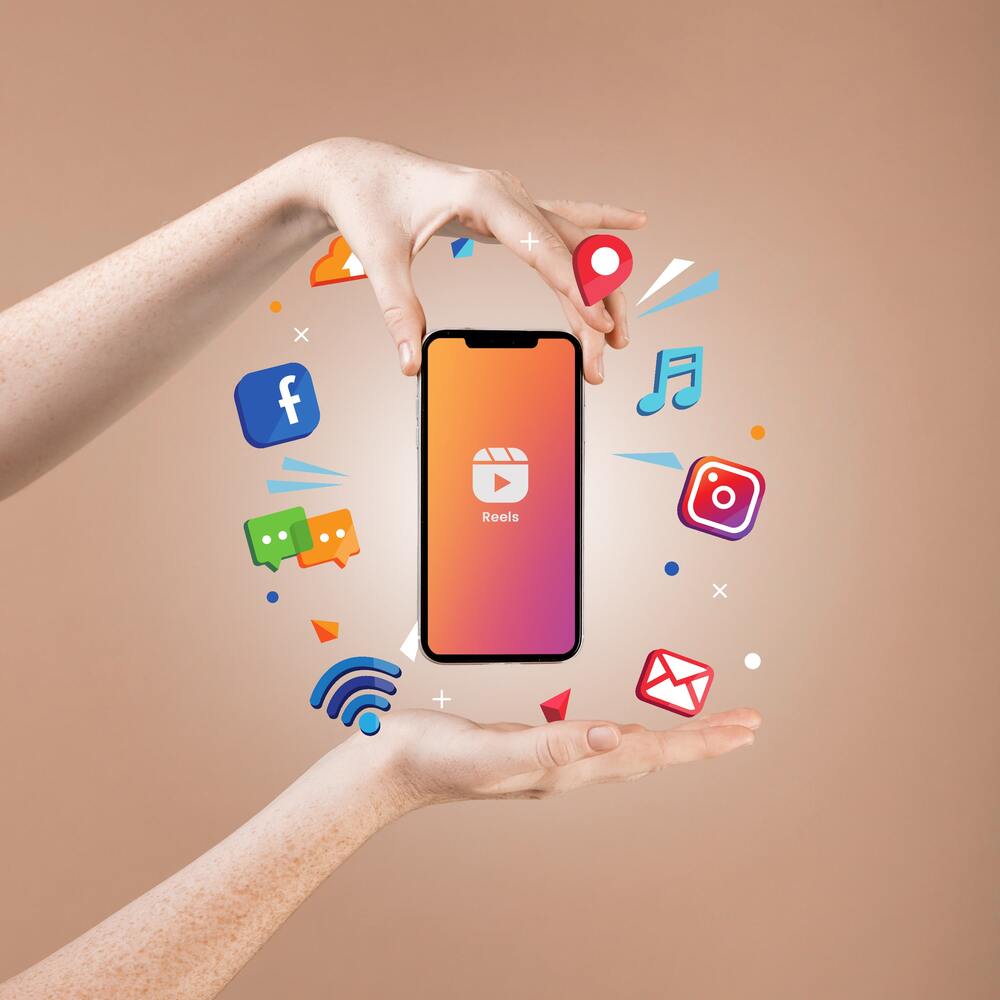 mains-tenant-smartphone-social-media-concept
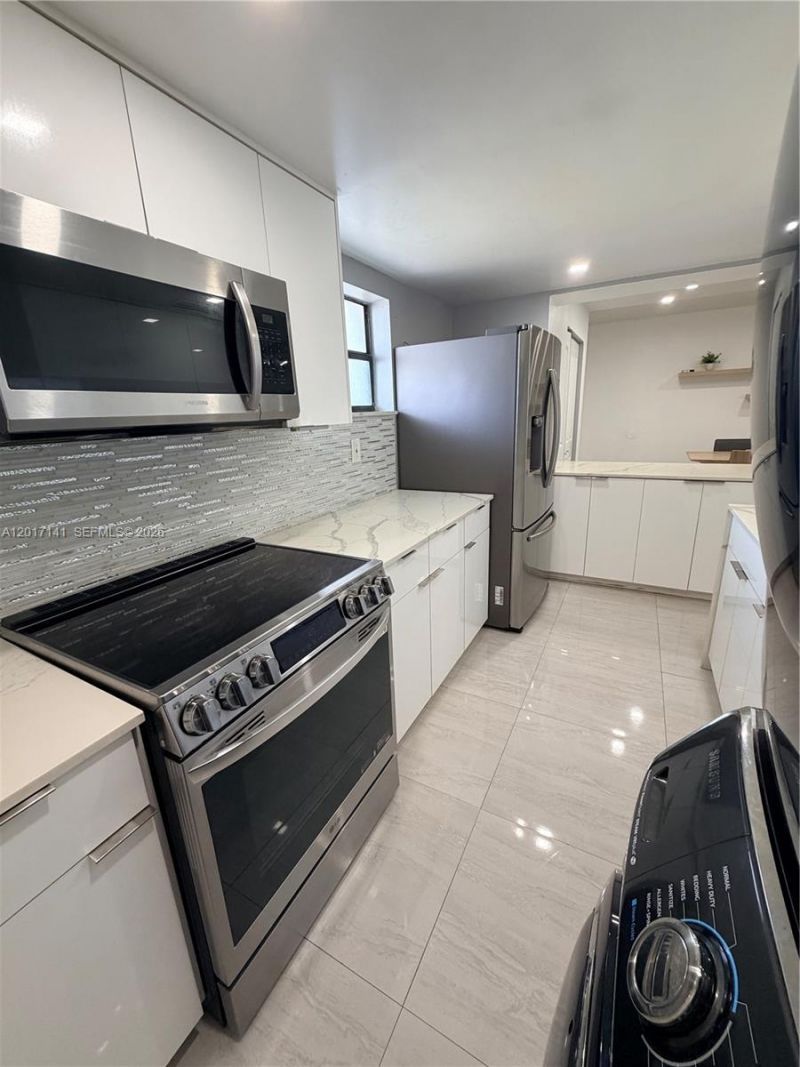 13850 SW 62nd St , Unit 303, Miami, FL 33183 Photo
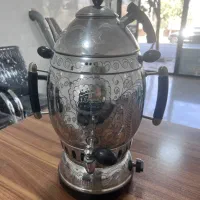 سماور همراه با قوری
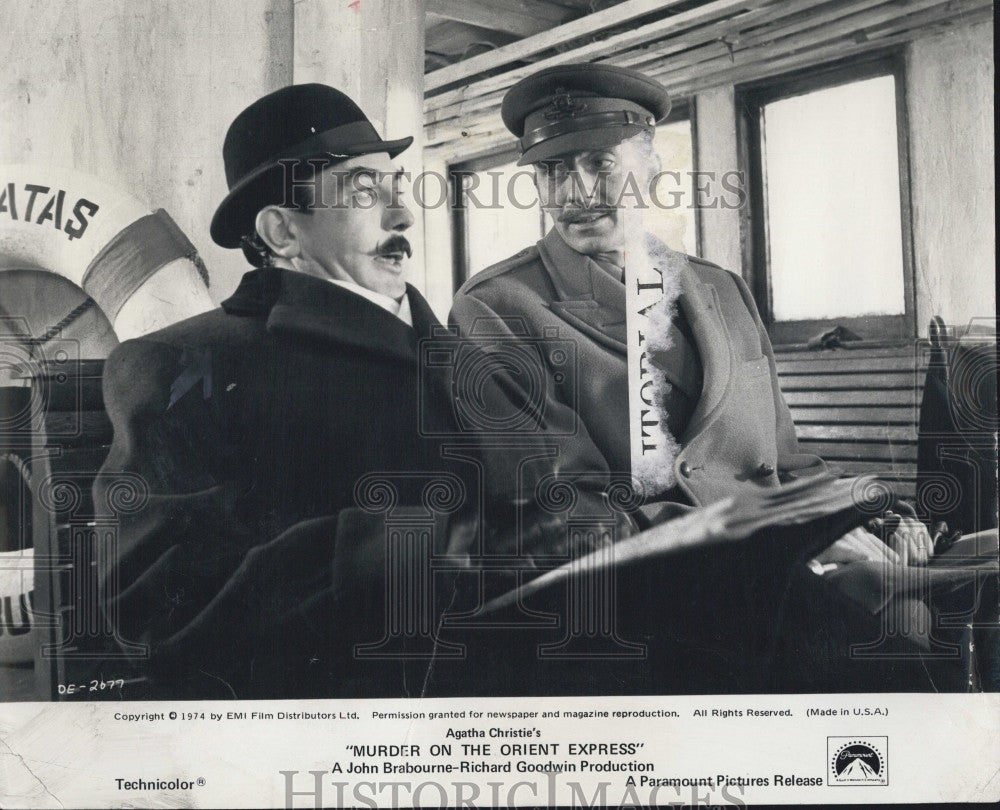 1975 Press Photo Albert Finney, Jeremy Lloyd in Agatha Christie&#39;s &quot;Murder on the - Historic Images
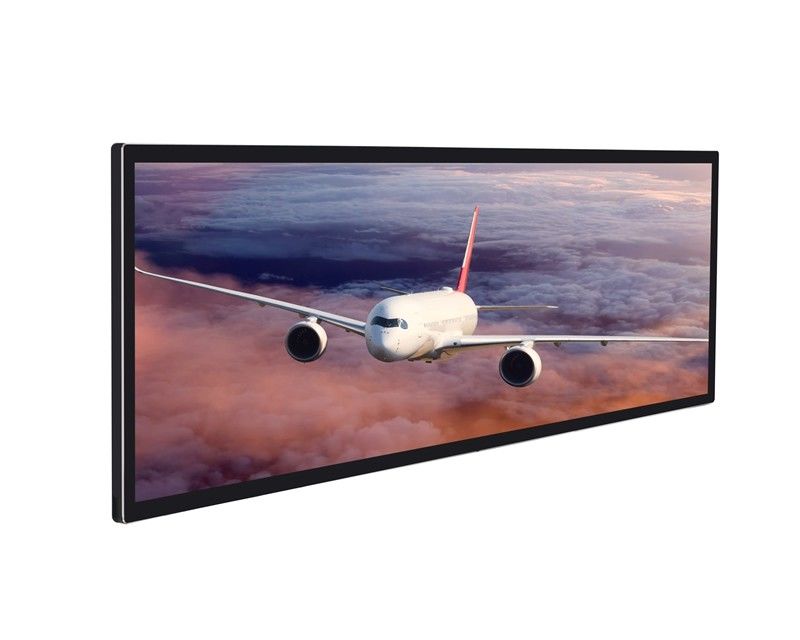 Écran publicitaire LCD en métal avec résolution 3840x1080 et format 32:9 pour l'affichage dynamique haute performance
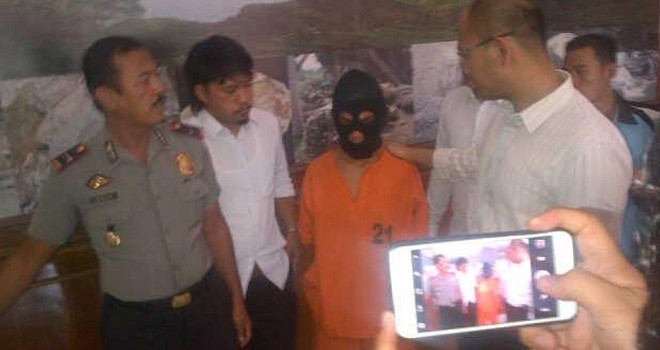 Tersangka pencabulan yang amankan aparat polres Merangin.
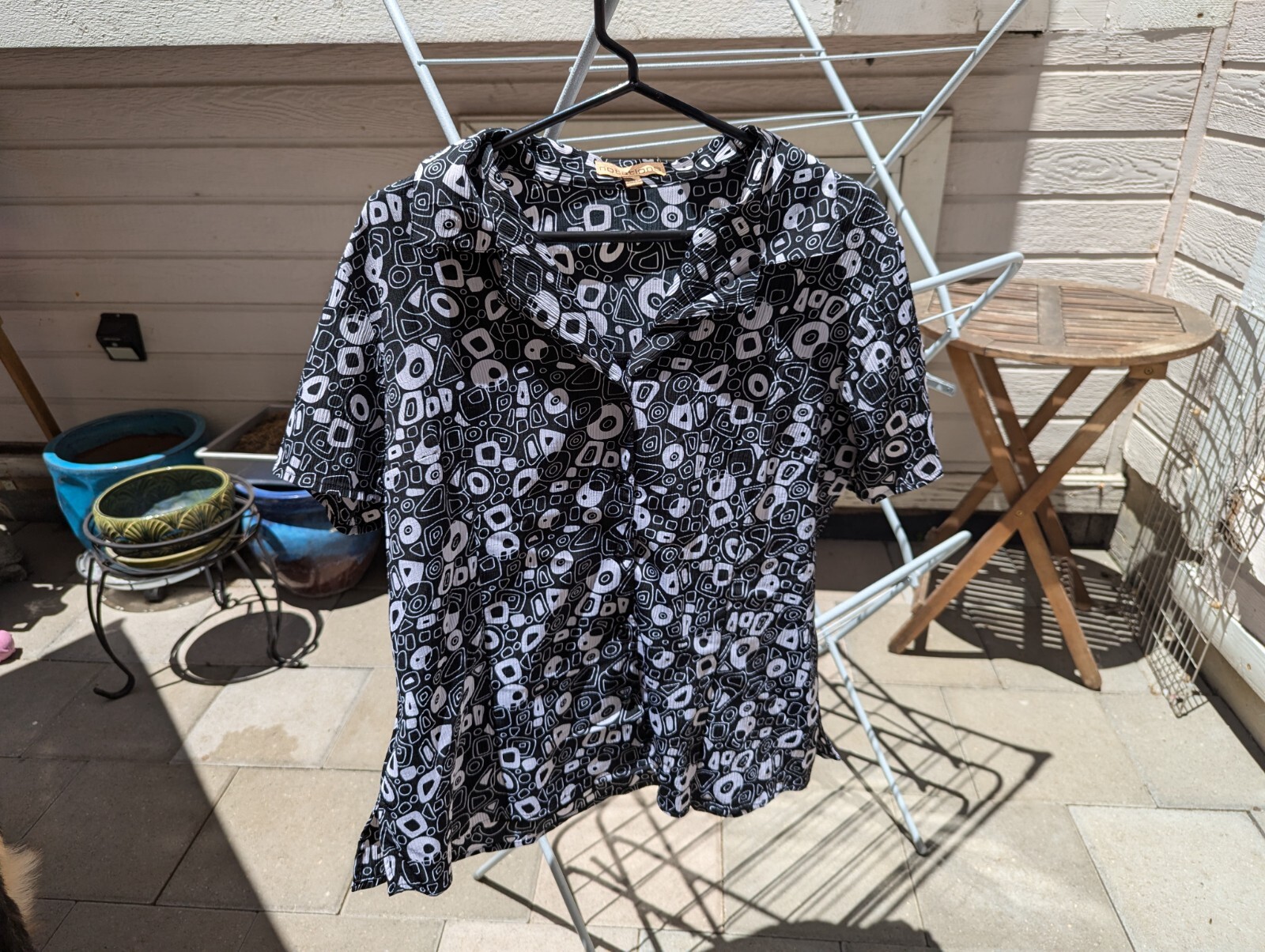 Abstract Pattern Black And White Button Down "Not… - image 1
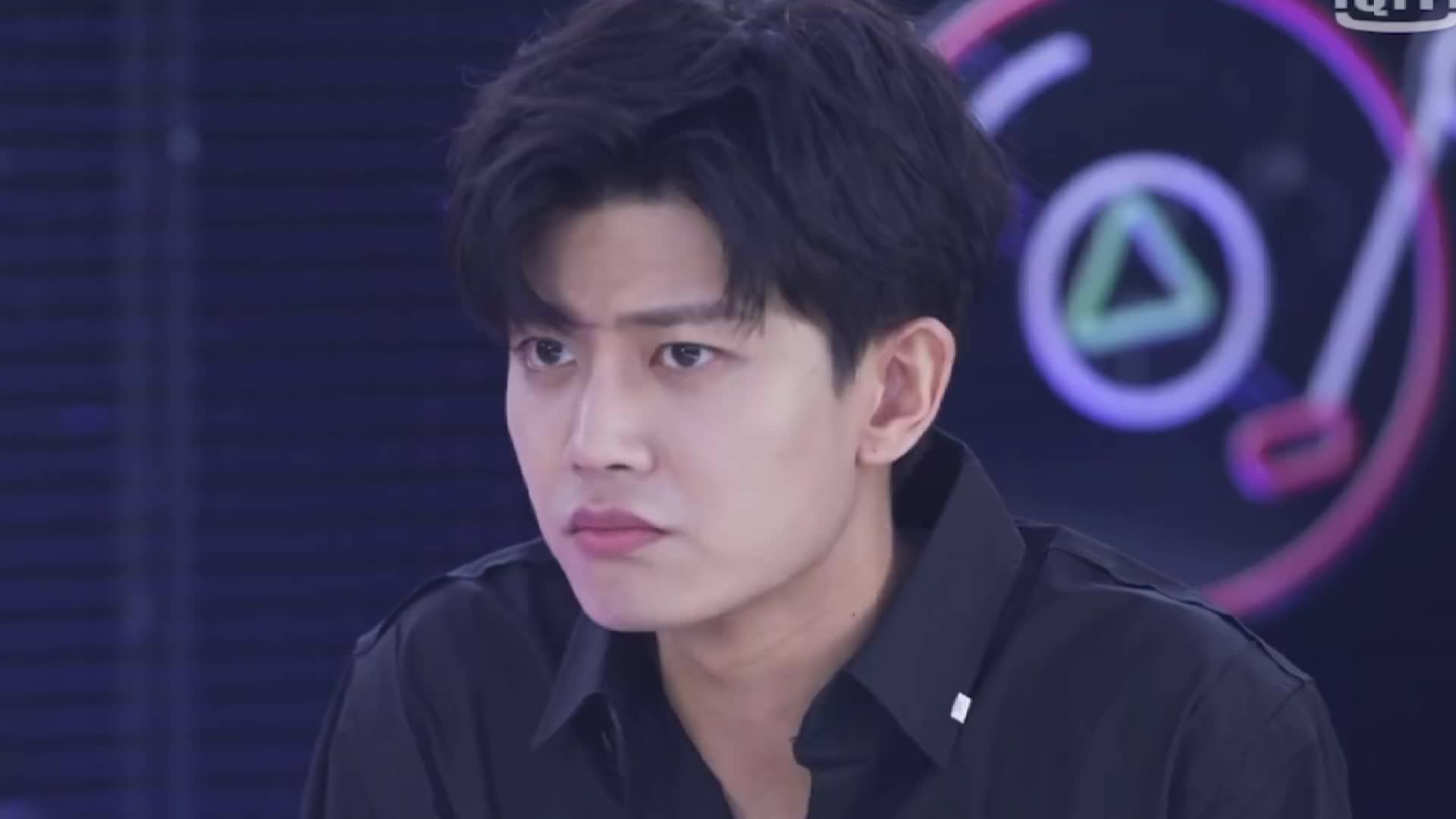 任嘉伦极致卖萌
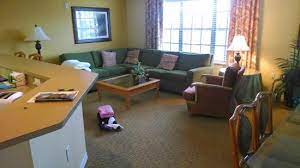 Plus enjoy exclusive deals and personal concierge service with suiteness. Living Area Of My 3 Bedroom Villa Bild Von Holiday Inn Club Vacations At Orange Lake Resort Kissimmee Tripadvisor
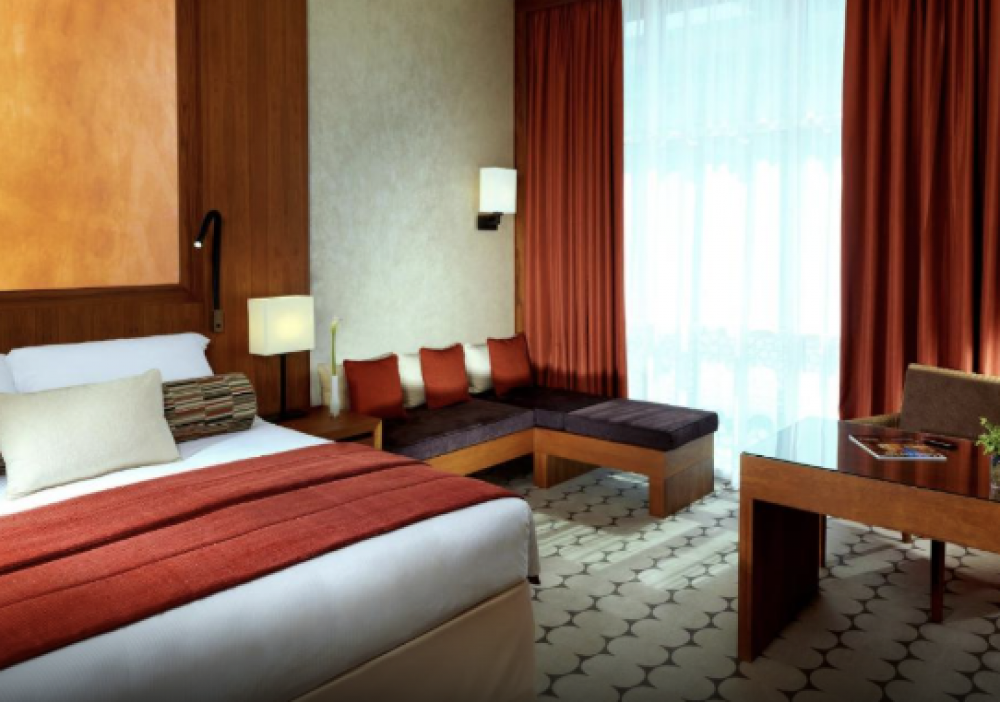 Standard Room (Classic), Yas Island Rotana 4*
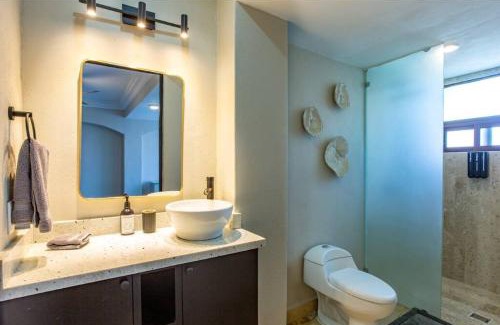 Pedregal Apartment | Villa de 6 Recámaras con Vistas al Mar en Pedregal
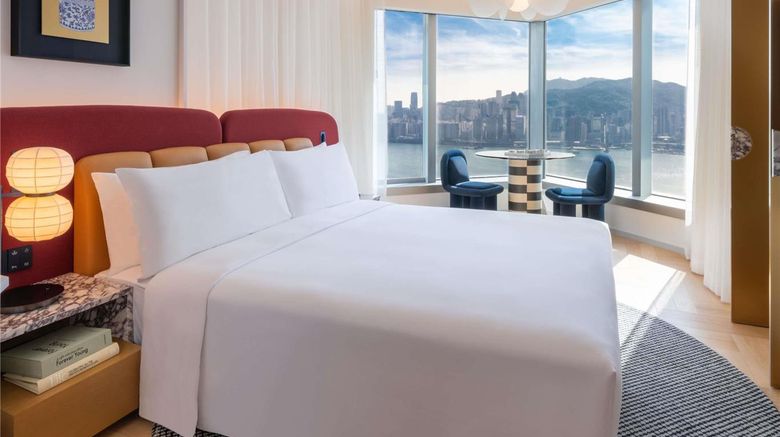 <b>Mondrian Hong Kong Room</b>. Images powered by <a href="https://iceportal.shijigroup.com/" title="IcePortal" target="_blank">IcePortal</a>.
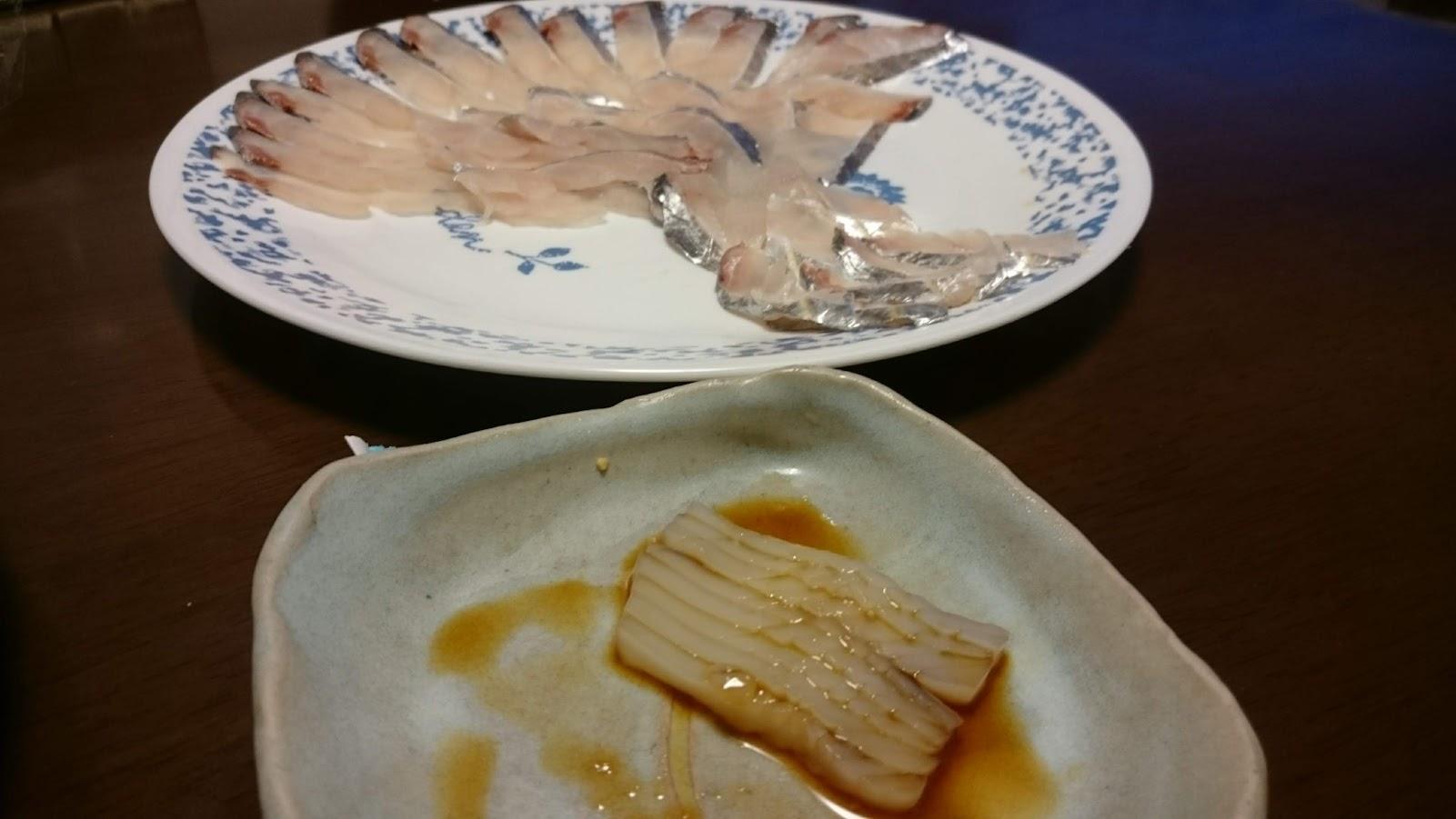 アオリイカは昨日の太刀魚と一緒に刺身で頂きました。
どっちも少し甘みがあって美味しいです。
==*==
● **Aim of the task**: All of the material above goes into the copy exactly as is; the pictures do not.

● **Solution to the problem**:
 mains-tenant-smartphone-social-media-concept
 13850 SW 62nd St , Unit 303, Miami, FL 33183 Photo
 سماور همراه با قوری
 1975 Press Photo Albert Finney, Jeremy Lloyd in Agatha Christie&#39;s &quot;Murder on the - Historic Images
 Écran publicitaire LCD en métal avec résolution 3840x1080 et format 32:9 pour l'affichage dynamique haute performance
 Tersangka pencabulan yang amankan aparat polres Merangin.
 Abstract Pattern Black And White Button Down "Not… - image 1
 任嘉伦极致卖萌
 Plus enjoy exclusive deals and personal concierge service with suiteness. Living Area Of My 3 Bedroom Villa Bild Von Holiday Inn Club Vacations At Orange Lake Resort Kissimmee Tripadvisor
 Standard Room (Classic), Yas Island Rotana 4*
 Pedregal Apartment | Villa de 6 Recámaras con Vistas al Mar en Pedregal
 <b>Mondrian Hong Kong Room</b>. Images powered by <a href="https://iceportal.shijigroup.com/" title="IcePortal" target="_blank">IcePortal</a>.
 アオリイカは昨日の太刀魚と一緒に刺身で頂きました。
どっちも少し甘みがあって美味しいです。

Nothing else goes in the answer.